Take small steps at first:

  • go for a short walk in the fresh air and try to say ‘hello’ if you see anyone from your road or who looks familiar to you.
  • text someone in your family, just to see how they are.
  • If you’re in a group of people, try to make a few comments easier though it seems easier to keep quiet and let everyone else talk.
  • try having a short talk with the cashier when you pay for goods in the shop.
  • if you have children, maybe you could make conversation with one or two other parents at the school gate.

If you are out of practice talking to people, it may seem daunting to do so at first and if you don’t get a very enthusiastic response it’s even harder! However, try not to take it personally – someone else might respond more positively and some groups are notorious for being ‘cliquey’!

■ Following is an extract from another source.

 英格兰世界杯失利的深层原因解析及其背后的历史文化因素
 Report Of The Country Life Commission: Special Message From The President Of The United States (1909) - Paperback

Another way of making connections with people is through shared interests, values or experiences. If something interests you, whether that’s walking, watching films or going camping, there will be other people who feel the same. There is usually information about local clubs or groups in the library or you can look online.

If, despite doing your best, you don’t manage to achieve the social contact you’d like, it may be worth learning how to feel more comfortable in your own company. This can be rewarding if you focus on the pleasure it gives you. Having time to reflect and think can be positive.

Techniques like yoga, pilates or writing a journal can help to achieve a peace that frenetic socialising can’t.  Getting a dog or cat is another way to alleviate loneliness, especially as they’re usually pleased to see you when you arrive home!